Data Explorer

Data exploration process for data analysis and model building, so that users could focus on understanding data and extracting insights. The package automatically scans through each variable and does data profiling. Typical graphical techniques will be performed for both discrete and continuous features.


master v0.5.0

Travis Build Status AppVeyor Build Status codecov

develop v0.5.0

Travis Build Status AppVeyor Build Status codecov


Background

Exploratory Data Analysis (EDA) is the initial and an important phase of data analysis. Through this phase, analysts/modelers will have a first look of the data, and thus generate relevant hypothesis and decide next steps. However, the EDA process could be a hassle at times. This R package aims to automate most of data handling and visualization, so that users could focus on studying the data and extracting insights.

Installation

The package can be installed directly from CRAN.

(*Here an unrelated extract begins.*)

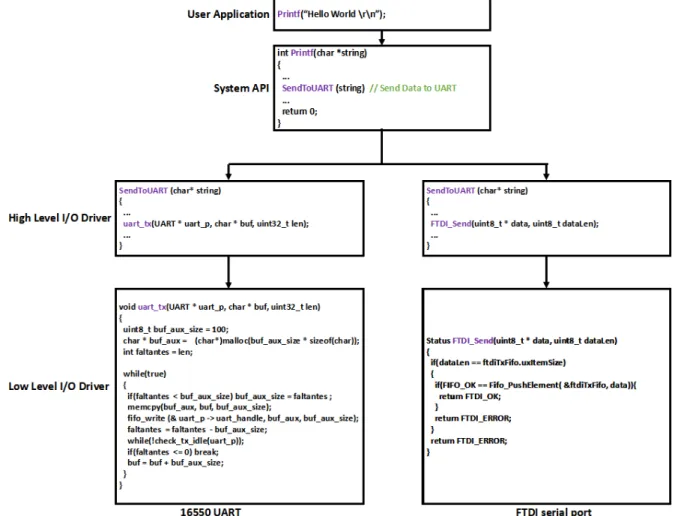 Figure 2.5: Send “Hello World” from High Layer Application to the I/O devices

install.packages("DataExplorer")

However, the latest stable version (if any) could be found on GitHub, and installed using remotes package.

if (!require(remotes)) install.packages("remotes")
remotes::install_github("boxuancui/DataExplorer")

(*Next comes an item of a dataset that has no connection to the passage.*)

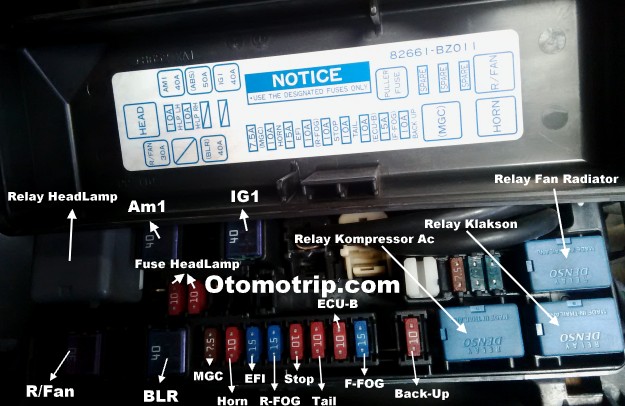 Letak Sekring Head Unit Xenia. Letak dan Posisi Sekring Audio Tape Mobil Avanza – OtomoTrip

If you would like to install the latest development version, you may install the dev branch.

if (!require(remotes)) install.packages("remotes")
remotes::install_github("boxuancui/DataExplorer", ref = "develop")

Examples

The package is extremely easy to use. Almost everything could be done in one line of code. Please refer to the package manuals for more information. You may also find the package vignettes here.

Create data profiling report

To get a report for the airquality dataset:

library(DataExplorer)
create_report(airquality)

To get a report for the diamonds dataset from ggplot2 package:

library(DataExplorer)
library(ggplot2)
create_report(diamonds)

Visualize various distribution

You may also run all the plotting functions individually for your analysis, e.g.,

library(DataExplorer)
library(ggplot2)

## View distribution of all discrete variables
plot_bar(diamonds)
## View distribution of cut only
plot_bar(diamonds$cut)
## View correlation of all discrete varaibles
plot_correlation(diamonds, type = "discrete")

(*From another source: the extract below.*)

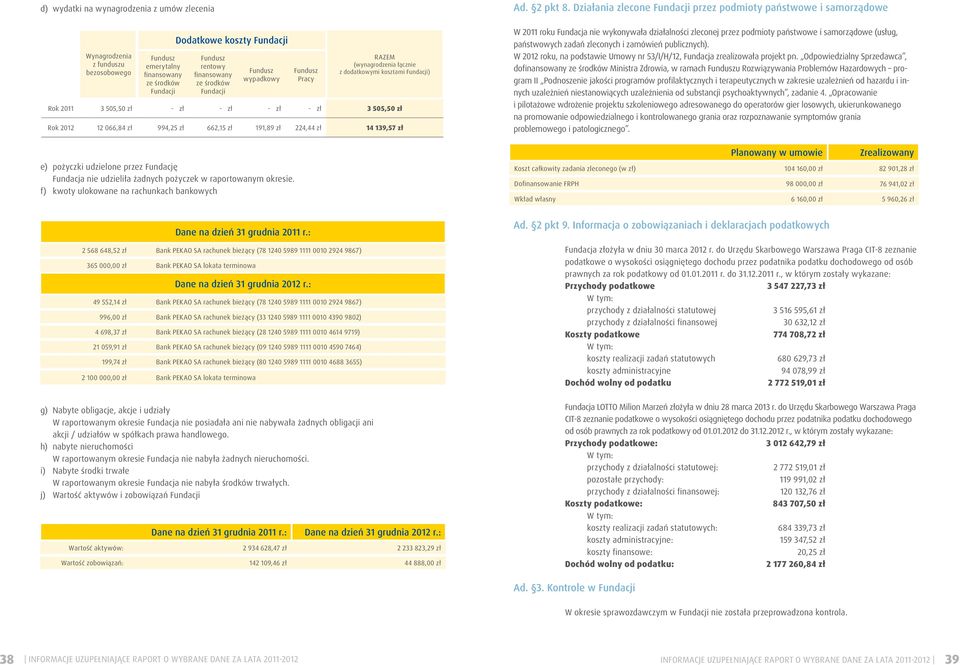 f) kwoty ulokowane na rachunkach bankowych Fundusz Pracy RAZEM (wynagrodzenia łącznie z dodatkowymi kosztami Fundacji) Rok 2011 3 505,50 zł - zł - zł - zł - zł 3 505,50 zł Rok 2012 12 066,84 zł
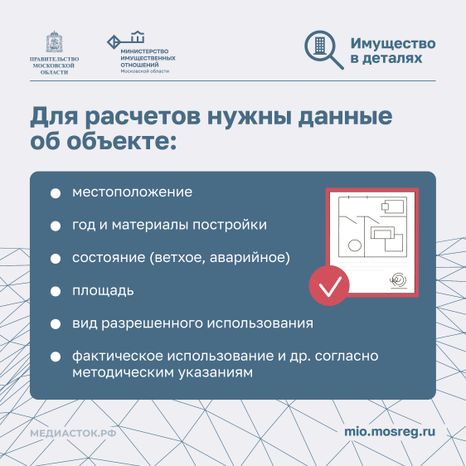 Кадастровая стоимость недвижимости Квадрат 06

## View distribution of all continuous variables
plot_histogram(diamonds)
## View distribution of carat only
plot_histogram(diamonds$carat)
## View correlation of all continuous varaibles
plot_correlation(diamonds, type = "continuous")

## View overall correlation heatmap
plot_correlation(diamonds)

## View distribution of missing values for airquality data
missing_data <- plot_missing(airquality) # missing data profile will be returned
missing_data

Slice and dice your data

To visualize distributions based on another variable, you may do the following:

library(DataExplorer)

## View iris continuous distribution based on each Species
plot_boxplot(iris, "Species")

## View iris continuous distribution based on different buckets of Sepal.Length
plot_boxplot(iris, "Sepal.Length")

## Scatterplot Ozone against all other airquality features
# Set some features to factor
for (i in c("Month", "Day")) airquality[[i]] <- as.factor(airquality[[i]])
# Plot scatterplot
# Note: discrete and continuous charts are plotted on separate pages!
plot_scatterplot(airquality, "Ozone")

Group categories for discrete features

Sometimes, discrete variables are messy, e.g., too many imbalanced categories, extremely skewed categorical distribution. You may use group_category function to help you group the long tails.

library(DataExplorer)
library(ggplot2)
data(diamonds)

## View original distribution of variable clarity
diamonds <- data.table(diamonds)
table(diamonds$clarity)

## Trial and error without updating: Group bottom 20% clarity based on frequency
group_category(diamonds, "clarity", 0.2)
## Group bottom 30% clarity and update original dataset
group_category(diamonds, "clarity", 0.3, update = TRUE)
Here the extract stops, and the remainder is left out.